Tumor cell lines and culture
The 9609 cell line was derived from a fibrosarcoma that developed in a male C57BL/6 mouse injected with the carcinogen 3’methylcholanthrene (37). This cell line grows progressively when transplanted into syngeneic wild-type (WT) mice and forms fibrosarcomas. We previously found that transducing 9609 parental cells with the hMEK1 gene induced a regressor growth phenotype (36). Control 9609-parent (progressor), 9609-GFP (progressor), and 9609-hMEK1 (regressor) cells were cultured in RPMI 1640 media (Gibco™ 11875093) supplemented with 10% FBS (Peak Serum PS-FB4), 5% sodium pyruvate (Gibco™ 11360070), 5% non-essential amino acids (Gibco™ 11140050), 1% sodium bicarbonate (Gibco™ 25080094), 1% penicillin streptomycin (Gibco™ 15140122), 1% L-glutamine (Gibco™ 25030081) and 14.3 mM beta-mercaptoethanol (Gibco™ 21985023). Cells were grown in incubators supplied with 5% carbon dioxide and maintained at 37 degrees Celsius.
Tumor injection, isolation, and dissociation
Tumor cells were detached from tissue culture flasks via trypsinization and washed three times in cold HBSS (Gibco™ 14175079) with calcium and magnesium and injected at 1-5 million cells in the subcutaneous space of a syngeneic mouse (36). Mice bearing tumors with areas greater than 64 mm2 (21-55 days after transplant) were euthanized and tumors were harvested. Tumors were dissociated first mechanically using sterile razor blades and then enzymatically via type 1A collagenase (1 mg/mL) (Worthington Biochemical Corporation LS004197) digestion for 30 minutes at 37 degrees Celsius.

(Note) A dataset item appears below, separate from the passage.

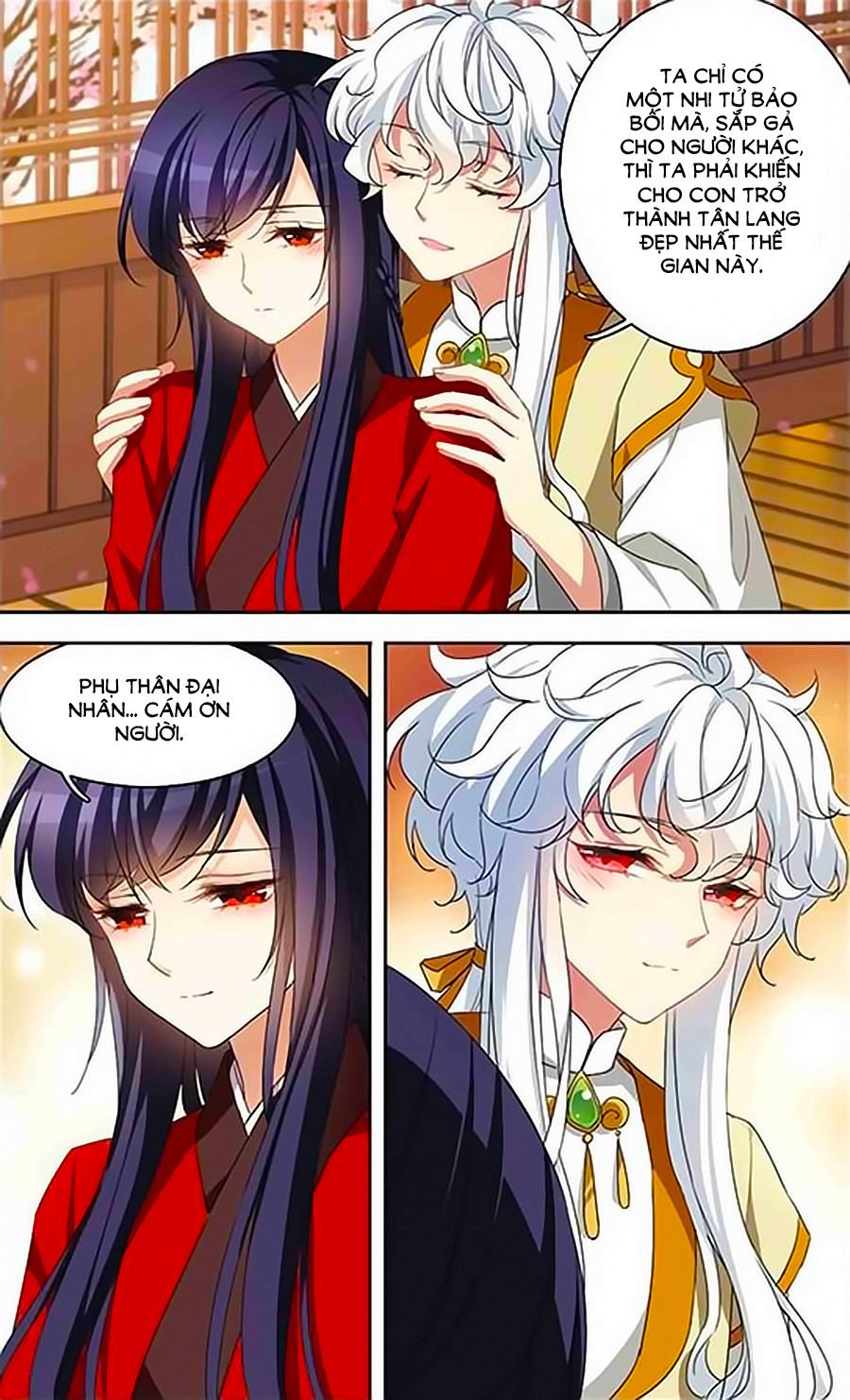 thiên giáng hiền thục nam (full) chapter 129.7 7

The tumor single-cell suspension was passed through a 100 μm filter and spun into a tumor pellet for purification of TAMs.
TAM purification
TAMs were purified using positive magnetic bead selection (STEMCELL Technologies). The tumor pellet was resuspended in buffer (PBS with 2% FBS and 1 mM EDTA) and incubated with primary F4/80 antibodies followed by secondary antibodies conjugated with metal beads. F4/80-positive cells were selected using a magnet and washed twice in serum-free media to remove any serum-derived exosomes. 100,000 to 200,000 cells were seeded into each well of a TC-treated 24-well plate, with serum-free exosome-free media (RoosterCollect™-EV, RoosterBio) for up to 9 days for exosome harvest.
Fluorescence-Activated Cell Sorting (FACs)

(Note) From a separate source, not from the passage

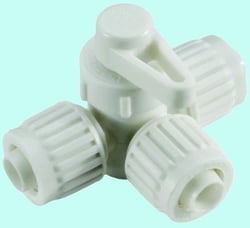 Picture of Flair-It Sales 06914 Angle Drain Valve 1/2 Inch PEX Brass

Cells were incubated with Fc-block (2.4G2) and stained with antibodies to detect F4/80, CD11b, and MHC class II (I-E/I-Ab) (Biolegend, San Diego). Dead cells were identified by 7-actinomycin D (7-AAD) staining. We characterize TAMs to be F4/80+, CD11b-high and 7-AAD-low. MHC class II was used to assess the M1-like character in the TAMs.

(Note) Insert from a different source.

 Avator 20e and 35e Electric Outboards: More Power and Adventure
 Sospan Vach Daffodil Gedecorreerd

Bone-marrow derived macrophages (BMDMs)
C57BL/6 mice were euthanized, and their femur and tibia were isolated. Bone marrow was obtained through mechanical flushing with dPBS using a 22G needle. After the cells were filtered using a 100 μm filter, they were suspended in DMEM (Gibco™ 11965092) and cultured with M-CSF (25 ng/mL) (ThermoFisher 315-02-50UG). On day 7 of culture, macrophages were polarized following existing protocols (38). For M1 macrophage polarization, LPS (InvivoGen tlrl-eblps) and IFNγ (Biolegend 575306) were used both at 50 ng/mL. For M2 macrophage polarization, interleukin-4 (IL4) (ThermoFisher 214-14-20UG) was used at 10 ng/mL. On day 8, the stimulation media was replaced with serum-free media (RoosterCollect™-EV, RoosterBio). Supernatant was collected and exosomes were pelleted by ultracentrifugation.
Exosome collection
After collecting the supernatants from BMDMs and TAMs, two low-speed centrifugations (500xg) were used to remove larger unwanted particles. Then, ultracentrifugation was performed to pellet the exosomes using a Beckman Coulter Optima Max-E ultracentrifuge. Briefly, three rounds of high-speed ultracentrifuges: 20,000xg followed by two 35,000xg spins were performed. The final pellet was resuspended in 100 μL DPBS and frozen in −80 degrees Celsius.
Exosome characterization
The Bicinchoninic Acid (BCA) Assay was used to quantify the exosomes obtained. The Nanoparticle Tracking Analyzer, Zetaview, was utilized to visualize the diameters of the exosomes.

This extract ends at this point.